Cuando ejercí la docencia, todos esos momentos de malos tratos y humillaciones me sirvieron para que jamás tratara así a algún alumno: los resultados están en las cartas infinitas que aún recibo desde hace décadas.

El infierno tan temido

Jamás regresé al edificio del Santa Rosa ni siquiera cuando me invitaron para celebrar las bodas de oro y me ofrecían el pasaje ida y vuelta desde Bs. As. En divertidas reuniones,  con algunas de mis fieles compañeras, sesenta años después,  recordamos nuestra adolescencia en el colegio. Ríen cuando narro los tormentos y no cuestionan esos métodos porque ninguna  de las presentes los sufrió.

Otro de los recuerdos,  donde se nos infundía terror, eran los retiros espirituales. Nos encerraban durante tres días  en la capilla y ubicados  a  cada costado del altar, nos vigilaban unas enormes estatuas de material: los gigantes de santa Rosa y santo Domingo  feo, más feo por la tonsura que le daba aspecto de maldad.

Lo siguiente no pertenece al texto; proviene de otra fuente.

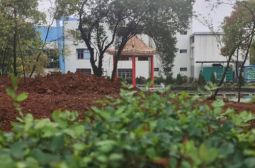 美化校园，清除杂树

Desde   un entrepiso, donde estaba el órgano, una de las monjas con voz cavernosa  comenzaba a atemorizarnos diciendo:

– Si en este momento sales a la calle, un auto te atropella y mueres, irás al infierno por la ausencia de sacramentos y por tus pecados sin el perdón del la confesión. Terminada la advertencia debíamos repetir en coro:

“Mira que te mira Dios

Mira que te está mirando

Mira que te morirás

Y no sabes cuándo.

La descripción de los castigos que padeceríamos en el infierno fue la causa por la que una de mis hermanas se enfermara y  faltara a esas sesiones de tortura psicológica. Nos inculcaban que debíamos comportarnos bien por temor a los tormentos del infierno, pero nunca  incitarnos a proceder bien por la alegría que conlleva el bien en sí mismo.